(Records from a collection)
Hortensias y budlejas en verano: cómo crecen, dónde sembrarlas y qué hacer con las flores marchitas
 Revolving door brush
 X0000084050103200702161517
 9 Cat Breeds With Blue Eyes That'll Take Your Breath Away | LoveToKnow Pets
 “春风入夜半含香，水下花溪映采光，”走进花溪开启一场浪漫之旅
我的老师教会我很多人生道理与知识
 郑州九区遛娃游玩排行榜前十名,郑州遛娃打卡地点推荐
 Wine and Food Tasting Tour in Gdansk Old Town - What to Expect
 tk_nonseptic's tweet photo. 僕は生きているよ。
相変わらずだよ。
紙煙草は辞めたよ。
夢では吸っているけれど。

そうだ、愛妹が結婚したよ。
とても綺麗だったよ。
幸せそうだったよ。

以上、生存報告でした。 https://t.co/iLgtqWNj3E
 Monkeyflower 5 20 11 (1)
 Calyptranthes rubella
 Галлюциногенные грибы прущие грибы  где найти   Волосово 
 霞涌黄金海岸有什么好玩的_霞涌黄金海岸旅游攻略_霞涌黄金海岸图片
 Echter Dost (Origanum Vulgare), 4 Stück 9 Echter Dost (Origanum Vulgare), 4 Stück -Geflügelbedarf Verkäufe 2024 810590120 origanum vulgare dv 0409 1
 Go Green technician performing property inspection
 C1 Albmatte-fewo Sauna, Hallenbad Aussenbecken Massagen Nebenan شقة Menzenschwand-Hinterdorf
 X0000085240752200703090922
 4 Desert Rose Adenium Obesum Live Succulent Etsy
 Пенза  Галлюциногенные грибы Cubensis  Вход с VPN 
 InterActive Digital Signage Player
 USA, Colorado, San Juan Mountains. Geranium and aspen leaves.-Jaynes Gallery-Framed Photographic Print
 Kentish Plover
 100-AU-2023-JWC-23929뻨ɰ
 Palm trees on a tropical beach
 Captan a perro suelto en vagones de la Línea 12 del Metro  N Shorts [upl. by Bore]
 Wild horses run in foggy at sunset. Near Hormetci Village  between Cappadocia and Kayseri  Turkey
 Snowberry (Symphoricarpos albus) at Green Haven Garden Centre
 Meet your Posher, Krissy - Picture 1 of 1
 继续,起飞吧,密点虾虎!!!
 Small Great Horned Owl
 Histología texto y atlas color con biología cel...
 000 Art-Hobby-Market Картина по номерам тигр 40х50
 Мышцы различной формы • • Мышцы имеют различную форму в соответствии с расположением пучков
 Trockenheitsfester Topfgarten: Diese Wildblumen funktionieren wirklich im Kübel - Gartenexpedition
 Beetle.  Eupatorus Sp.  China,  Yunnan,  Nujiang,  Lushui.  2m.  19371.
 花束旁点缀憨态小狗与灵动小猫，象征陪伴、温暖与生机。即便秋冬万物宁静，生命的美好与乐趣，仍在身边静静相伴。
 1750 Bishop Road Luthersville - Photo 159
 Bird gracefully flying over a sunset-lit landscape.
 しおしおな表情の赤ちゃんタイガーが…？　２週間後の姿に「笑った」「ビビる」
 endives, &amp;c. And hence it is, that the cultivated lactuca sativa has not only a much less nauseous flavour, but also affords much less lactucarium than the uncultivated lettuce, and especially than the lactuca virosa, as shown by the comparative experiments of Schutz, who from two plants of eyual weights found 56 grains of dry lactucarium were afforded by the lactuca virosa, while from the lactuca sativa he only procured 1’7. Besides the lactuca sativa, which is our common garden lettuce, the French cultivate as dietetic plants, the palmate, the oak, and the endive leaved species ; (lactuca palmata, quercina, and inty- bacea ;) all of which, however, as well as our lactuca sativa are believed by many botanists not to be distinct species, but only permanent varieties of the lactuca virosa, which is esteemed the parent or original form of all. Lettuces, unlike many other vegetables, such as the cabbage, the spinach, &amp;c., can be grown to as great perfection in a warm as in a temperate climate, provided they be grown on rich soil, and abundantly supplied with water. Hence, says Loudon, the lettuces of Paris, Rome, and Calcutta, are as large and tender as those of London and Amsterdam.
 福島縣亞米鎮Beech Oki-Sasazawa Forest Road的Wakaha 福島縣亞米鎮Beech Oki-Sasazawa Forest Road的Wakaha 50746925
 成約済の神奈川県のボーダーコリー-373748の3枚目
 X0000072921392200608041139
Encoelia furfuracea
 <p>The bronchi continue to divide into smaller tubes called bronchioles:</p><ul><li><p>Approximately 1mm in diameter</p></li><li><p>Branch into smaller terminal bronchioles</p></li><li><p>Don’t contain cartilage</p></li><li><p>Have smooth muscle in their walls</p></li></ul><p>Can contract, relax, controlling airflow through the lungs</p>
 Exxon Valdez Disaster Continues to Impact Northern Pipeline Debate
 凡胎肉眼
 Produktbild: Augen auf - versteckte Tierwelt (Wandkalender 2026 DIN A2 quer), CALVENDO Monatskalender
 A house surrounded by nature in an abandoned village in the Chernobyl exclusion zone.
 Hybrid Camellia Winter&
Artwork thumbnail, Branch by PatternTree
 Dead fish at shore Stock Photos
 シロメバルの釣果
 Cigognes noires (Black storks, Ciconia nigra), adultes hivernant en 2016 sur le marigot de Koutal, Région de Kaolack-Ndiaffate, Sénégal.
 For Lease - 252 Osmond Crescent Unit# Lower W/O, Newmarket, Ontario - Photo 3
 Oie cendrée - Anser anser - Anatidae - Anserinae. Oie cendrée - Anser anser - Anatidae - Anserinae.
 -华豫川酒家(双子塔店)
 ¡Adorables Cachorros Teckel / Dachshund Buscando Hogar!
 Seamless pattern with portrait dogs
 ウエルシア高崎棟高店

■ Your task ■
Retype each entry exactly.

■ Answer for the task ■
Hortensias y budlejas en verano: cómo crecen, dónde sembrarlas y qué hacer con las flores marchitas
 Revolving door brush
 X0000084050103200702161517
 9 Cat Breeds With Blue Eyes That'll Take Your Breath Away | LoveToKnow Pets
 “春风入夜半含香，水下花溪映采光，”走进花溪开启一场浪漫之旅
我的老师教会我很多人生道理与知识
 郑州九区遛娃游玩排行榜前十名,郑州遛娃打卡地点推荐
 Wine and Food Tasting Tour in Gdansk Old Town - What to Expect
 tk_nonseptic's tweet photo. 僕は生きているよ。
相変わらずだよ。
紙煙草は辞めたよ。
夢では吸っているけれど。

そうだ、愛妹が結婚したよ。
とても綺麗だったよ。
幸せそうだったよ。

以上、生存報告でした。 https://t.co/iLgtqWNj3E
 Monkeyflower 5 20 11 (1)
 Calyptranthes rubella
 Галлюциногенные грибы прущие грибы  где найти   Волосово 
 霞涌黄金海岸有什么好玩的_霞涌黄金海岸旅游攻略_霞涌黄金海岸图片
 Echter Dost (Origanum Vulgare), 4 Stück 9 Echter Dost (Origanum Vulgare), 4 Stück -Geflügelbedarf Verkäufe 2024 810590120 origanum vulgare dv 0409 1
 Go Green technician performing property inspection
 C1 Albmatte-fewo Sauna, Hallenbad Aussenbecken Massagen Nebenan شقة Menzenschwand-Hinterdorf
 X0000085240752200703090922
 4 Desert Rose Adenium Obesum Live Succulent Etsy
 Пенза  Галлюциногенные грибы Cubensis  Вход с VPN 
 InterActive Digital Signage Player
 USA, Colorado, San Juan Mountains. Geranium and aspen leaves.-Jaynes Gallery-Framed Photographic Print
 Kentish Plover
 100-AU-2023-JWC-23929뻨ɰ
 Palm trees on a tropical beach
 Captan a perro suelto en vagones de la Línea 12 del Metro  N Shorts [upl. by Bore]
 Wild horses run in foggy at sunset. Near Hormetci Village  between Cappadocia and Kayseri  Turkey
 Snowberry (Symphoricarpos albus) at Green Haven Garden Centre
 Meet your Posher, Krissy - Picture 1 of 1
 继续,起飞吧,密点虾虎!!!
 Small Great Horned Owl
 Histología texto y atlas color con biología cel...
 000 Art-Hobby-Market Картина по номерам тигр 40х50
 Мышцы различной формы • • Мышцы имеют различную форму в соответствии с расположением пучков
 Trockenheitsfester Topfgarten: Diese Wildblumen funktionieren wirklich im Kübel - Gartenexpedition
 Beetle.  Eupatorus Sp.  China,  Yunnan,  Nujiang,  Lushui.  2m.  19371.
 花束旁点缀憨态小狗与灵动小猫，象征陪伴、温暖与生机。即便秋冬万物宁静，生命的美好与乐趣，仍在身边静静相伴。
 1750 Bishop Road Luthersville - Photo 159
 Bird gracefully flying over a sunset-lit landscape.
 しおしおな表情の赤ちゃんタイガーが…？　２週間後の姿に「笑った」「ビビる」
 endives, &amp;c. And hence it is, that the cultivated lactuca sativa has not only a much less nauseous flavour, but also affords much less lactucarium than the uncultivated lettuce, and especially than the lactuca virosa, as shown by the comparative experiments of Schutz, who from two plants of eyual weights found 56 grains of dry lactucarium were afforded by the lactuca virosa, while from the lactuca sativa he only procured 1’7. Besides the lactuca sativa, which is our common garden lettuce, the French cultivate as dietetic plants, the palmate, the oak, and the endive leaved species ; (lactuca palmata, quercina, and inty- bacea ;) all of which, however, as well as our lactuca sativa are believed by many botanists not to be distinct species, but only permanent varieties of the lactuca virosa, which is esteemed the parent or original form of all. Lettuces, unlike many other vegetables, such as the cabbage, the spinach, &amp;c., can be grown to as great perfection in a warm as in a temperate climate, provided they be grown on rich soil, and abundantly supplied with water. Hence, says Loudon, the lettuces of Paris, Rome, and Calcutta, are as large and tender as those of London and Amsterdam.
 福島縣亞米鎮Beech Oki-Sasazawa Forest Road的Wakaha 福島縣亞米鎮Beech Oki-Sasazawa Forest Road的Wakaha 50746925
 成約済の神奈川県のボーダーコリー-373748の3枚目
 X0000072921392200608041139
Encoelia furfuracea
 <p>The bronchi continue to divide into smaller tubes called bronchioles:</p><ul><li><p>Approximately 1mm in diameter</p></li><li><p>Branch into smaller terminal bronchioles</p></li><li><p>Don’t contain cartilage</p></li><li><p>Have smooth muscle in their walls</p></li></ul><p>Can contract, relax, controlling airflow through the lungs</p>
 Exxon Valdez Disaster Continues to Impact Northern Pipeline Debate
 凡胎肉眼
 Produktbild: Augen auf - versteckte Tierwelt (Wandkalender 2026 DIN A2 quer), CALVENDO Monatskalender
 A house surrounded by nature in an abandoned village in the Chernobyl exclusion zone.
 Hybrid Camellia Winter&
Artwork thumbnail, Branch by PatternTree
 Dead fish at shore Stock Photos
 シロメバルの釣果
 Cigognes noires (Black storks, Ciconia nigra), adultes hivernant en 2016 sur le marigot de Koutal, Région de Kaolack-Ndiaffate, Sénégal.
 For Lease - 252 Osmond Crescent Unit# Lower W/O, Newmarket, Ontario - Photo 3
 Oie cendrée - Anser anser - Anatidae - Anserinae. Oie cendrée - Anser anser - Anatidae - Anserinae.
 -华豫川酒家(双子塔店)
 ¡Adorables Cachorros Teckel / Dachshund Buscando Hogar!
 Seamless pattern with portrait dogs
 ウエルシア高崎棟高店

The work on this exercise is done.